Reputation: 357
I have the dataframe show below:
> df
c1 c2 c3 c4
1 1 0 1 2
2 2 1 4 3
3 3 3 5 4
4 4 3 6 5
5 5 4 7 7
I am trying to subset the data frame to return the duplicate elements on a row-by-row basis. That is to return the row numbers and the corresponding elements which have duplicates in that row. Something like this:
index duplicates
1 1
3 3
5 7
I have tried using the line of code below:
dfc <- apply(df, 1, function(x) duplicated(x))
dfc <- t(dfc)
df[dfc]
[1] 3 1 7
I would like to have the corresponding row index of the duplicate elements return as well. Especially in such a case of more than two elements having duplicates in a row.
Upvotes: 1
Views: 249
Reputation: 886938
Based on the example (assuming that there will be only pair of duplicate per row).
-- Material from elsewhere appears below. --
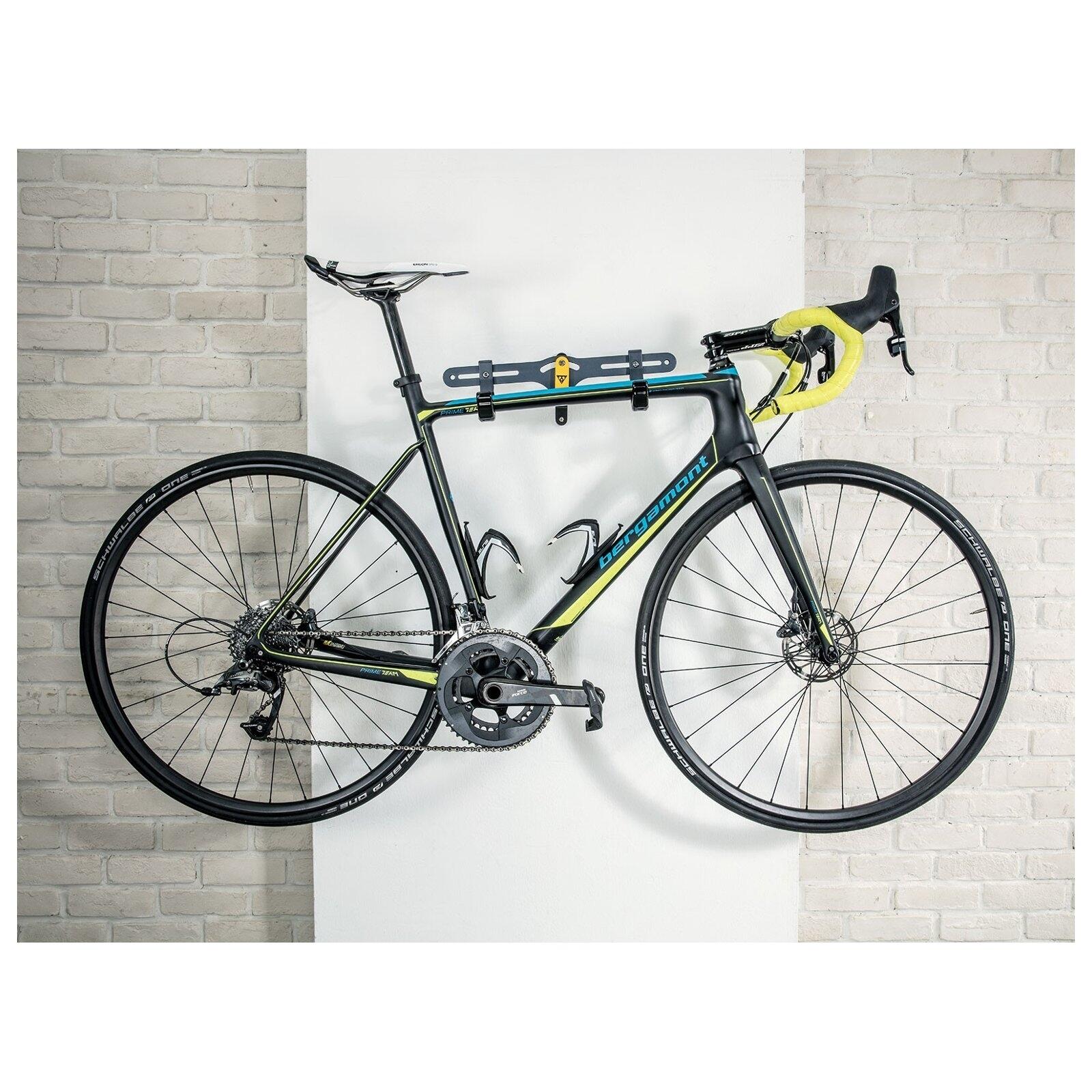 Solo Bike Holder - Supporto a muro 4/7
We extract the duplicate elements for each row with apply
and MARGIN=1
. The output will be a list
as some rows doesn't have any duplicates and are of length 0. From the list
output, create a data.frame
by getting the 'index' of 'l1' that have length
not equal to 0 and the 'duplicates' from unlist
ing the 'l1'.
l1 <- apply(df, 1, FUN = function(x) x[duplicated(x)])
data.frame(index = which(lengths(l1)!=0), duplicates = unlist(l1))
# index duplicates
#1 1 1
#3 3 3
#5 5 7
Upvotes: 1